L’historienne et auteure de l’ouvrage L’autre Outaouais, Manon Leroux, estime que la démolition de St-Andrew est une perte à plusieurs niveaux, même si le bâtiment ne jouissait pas d’une cote patrimoniale très élevée dans l’Inventaire des lieux de culte du Québec. Il s’agissait de l’une des 20 plus vieilles églises de la région, dit-elle. Sa situation géographique, montée sur une petite butte, en faisait un repère depuis près de 150 ans à Cantley. Dans son ouvrage, Mme Leroux parle de l’église St-Andrew comme étant typique de l’architecture protestante des années 1860-1880. Deux autres églises de ce type existent encore dans la région de Kazabazua. Son allure extérieure était toute simple, mais les murs intérieurs avaient été revêtus de fines planches de bois assemblées en V.

À la tristesse de M. McClelland se mêle aussi de la frustration. Il ne comprend pas comment la municipalité de Cantley a pu procéder de manière aussi cavalière dans ce dossier. «Pour n’importe quel petit changement à Cantley, ça prend une dérogation mineure approuvée par le conseil, mais pour démolir un bâtiment qui fait partie de l’héritage de la municipalité, une église qui a presque 150 ans, ça peut se faire sans avertissement. Il suffit de le demander gentiment de pouvoir démolir. Ça n’a pas de bon sens.» Manon Leroux abonde dans le même sens. «C’est surtout la façon horrible dont ça s’est fait, lance-t-elle. Je ne comprends pas qu’en 2020 on puisse encore démolir un bâtiment comme ça, dans le secret, sans aviser ou consulter personne.»

La mairesse de Cantley, Madeleine Brunette, reconnaît que la démolition de l’église s’est faite sans préavis ni consultation. «Il n’y a pas eu d’avis public pour la démolition, nous n’avions pas à faire ça non plus parce que ce n’est pas dans notre réglementation, dit-elle.

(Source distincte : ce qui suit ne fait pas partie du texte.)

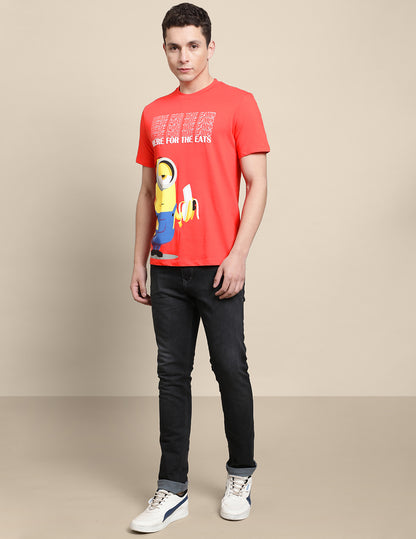 Minions Red Tshirt For Men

C’est peut-être quelque chose qu’on devrait éventuellement ajouter.»

Selon l’historienne et auteure Manon Leroux, la démolition de l'église St-Andrew est une perte à plusieurs niveaux.

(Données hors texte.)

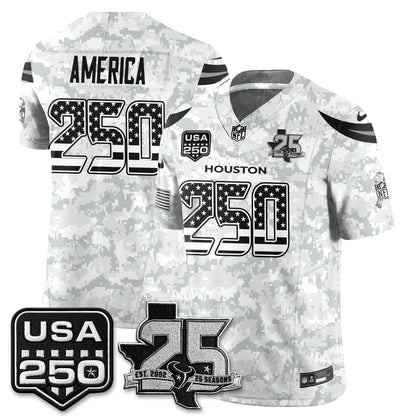 Houston Texans 2026 Salute to Service Edition Vapor Jersey - Stitched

Mme Brunette explique que le terrain et l’église appartiennent à un propriétaire privé depuis que la communauté religieuse a procédé à la vente en 2015.

«Peut-être que la vente aurait dû contenir des conditions, dit-elle. Le propriétaire a fait une demande de démolition, il a suivi la procédure et nous lui avons donné le permis pour le faire.»

Le conseil municipal de Cantley s’est penché, par le passé, sur la possibilité de faire l’acquisition du terrain, mais rien ne justifiait une telle transaction, note la mairesse. «On a même étudié la possibilité de déplacer l’église sur un terrain de la municipalité, mais ça aurait coûté 39 000 $, ajoute-t-elle. Je reconnais qu’il s’agissait d’un immeuble important pour l’histoire et le patrimoine de la municipalité, mais le conseil a fait le choix d’investir dans le parc de la Glaciation [un parc de conservation géologique].»